Al termine di un percorso che ha avuto per oggetto le mutazioni intervenute in Italia, negli ultimi anni e decenni, nell’idea e nella legislazione della tutela, una riflessione conclusiva è opportuna. Il nostro Paese ha inventato per tutto il mondo civile il principio dell’interesse pubblico, garantito e normato dalla Legge, sul patrimonio ovunque distribuito e comunque posseduto. Lo ha fatto con i Codici degli Stati preunitari, lo ha perfezionato e consolidato con le leggi del primo Novecento (la Rava-Rosadi del 1909, le Bottai del 1939).

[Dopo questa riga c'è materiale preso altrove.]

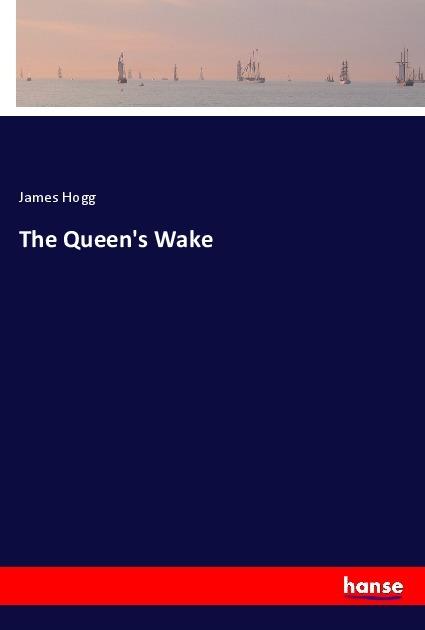 Produktbild The Queen's Wake (Englisch, James Hogg, 2018)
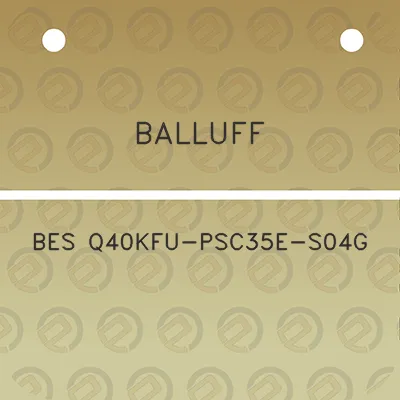 balluff-bes-q40kfu-psc35e-s04g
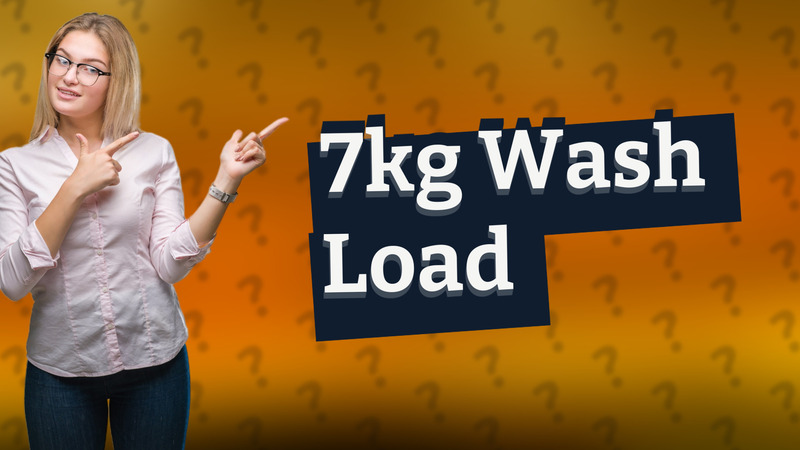 7kg Wash Load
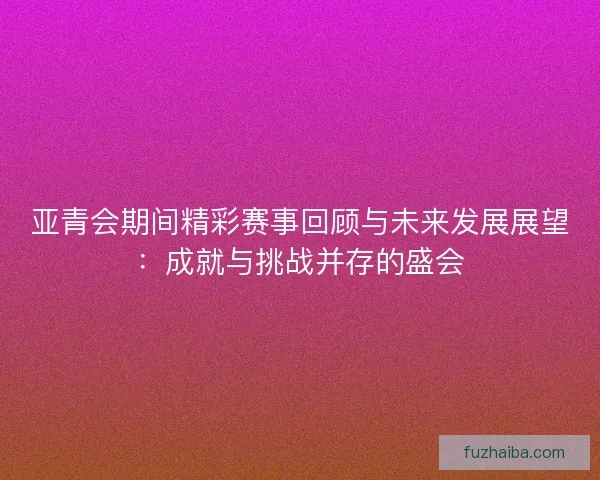 亚青会期间精彩赛事回顾与未来发展展望：成就与挑战并存的盛会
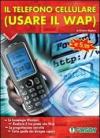 Il telefono cellulare (usare il WAP)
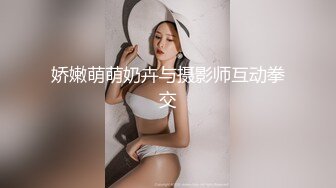 娇嫩萌萌奶卉与摄影师互动拳交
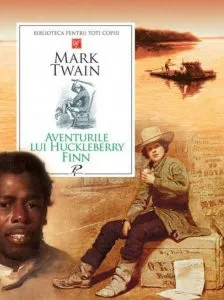 Aventurile lui Huckleberry Finn de Mark Twain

La cultura italiana della conservazione non è solamente la più antica e radicata del mondo, ma è anche quella che ha fornito modelli e norme ben al di là dei confini nazionali.

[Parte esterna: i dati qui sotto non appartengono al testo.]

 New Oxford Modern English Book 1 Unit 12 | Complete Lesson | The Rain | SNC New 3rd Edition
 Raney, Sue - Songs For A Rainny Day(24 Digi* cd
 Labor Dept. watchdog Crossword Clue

Nell’ultima parte del Novecento il modello italiano è entrato in crisi per le ragioni di cui prima si è parlato: adeguamento e stili gestionali di matrice anglosassone nel governo dei musei, ingresso del privato nell’economia della cultura, progressiva erosione della struttura statale centralizzata, necessità di misurarsi con le ragioni e con le attese della democrazia decentrata. Inoltre, le turbolenze politiche che hanno attraversato il Paese negli ultimi decenni e la debolezza degli esecutivi che si sono succeduti nel tempo non hanno certamente favorito il transito ordinato dalla vecchia alla nuova cultura della tutela. Riforme anche importanti dell’amministrazione statale dei beni culturali si sono succedute in modo affrettato e a volte discutibile (si pensi alla moltiplicazione delle Direzioni generali, all’istituzione dei Poli museali e delle Direzioni regionali per i Beni culturali e paesaggistici) mentre le Regioni sembrano impreparate a gestire in modo efficace e responsabile il ruolo federalista al quale sono chiamate. La situazione è dunque ancora lontana dall’aver raggiunto un ragionevole stabile assestamento. Resta, tuttavia, la speranza che il nostro tempo non veda definitivamente offuscata quella italiana civiltà della tutela che è stata fino a ieri un nostro riconosciuto primato nel mondo.
Bibliografia
V. Baldacci, Il sistema dei beni culturali in Italia. Valorizzazione, progettazione e comunicazione culturale, Firenze 2004.
S. Settis, Battaglie senza eroi. I beni culturali tra istituzioni e profitto, Milano 2005.